Exactly the question many French people are asking themselves right now…
Because even though all past presidents had this power to just dismiss the election results, this is actually the first time in the history of the French 5th Republic that a president chooses someone as PM who isn’t from the winning party.
Western leaders congratulate election-losing PM Barnier as symbol of “democracy”
In his first official remarks as prime minister, Michel Barnier delivered a condescending speech about what he called the “the people from below”.
Despite the fact that Barnier’s Republicans came in fourth place in the election and won just around 6% of the vote, leaders of Western governments congratulated him and portrayed the unpopular election loser as a symbol of “democracy”.
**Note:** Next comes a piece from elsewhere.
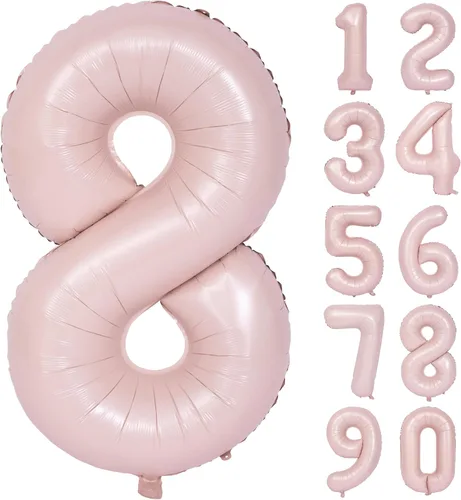 Vista 47 de Globos de 40 pulgadas con números de caramelo, papel de aluminio de helio, globos de látex de Mylar para fiesta de cumpleaños, decoración digital 0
Neoliberal technocrat Christine Lagarde, who previously served as France’s economic minister and director of the IMF and is now president of the European Central Bank, praised Barnier, writing, “We’ve known each other for many years and I am confident that you will do an excellent job serving the people of France and Europe”.
The European Commission’s notoriously hawkish right-wing President Ursula von der Leyen proclaimed, “I know that Michel Barnier has the interests of Europe and France at heart, as his long experience demonstrates. I wish him every success in his new mission”.
Canada’s neoliberal centrist Prime Minister Justin Trudeau chimed in as well, stating, “Congratulations, Michel Barnier, on being named Prime Minister of France”.
Apparently oblivious to the irony, Trudeau added, “Canada and France share a history, a language, and the values of democracy and freedom. I know we’ll work closely together, to the benefit of both our nations”.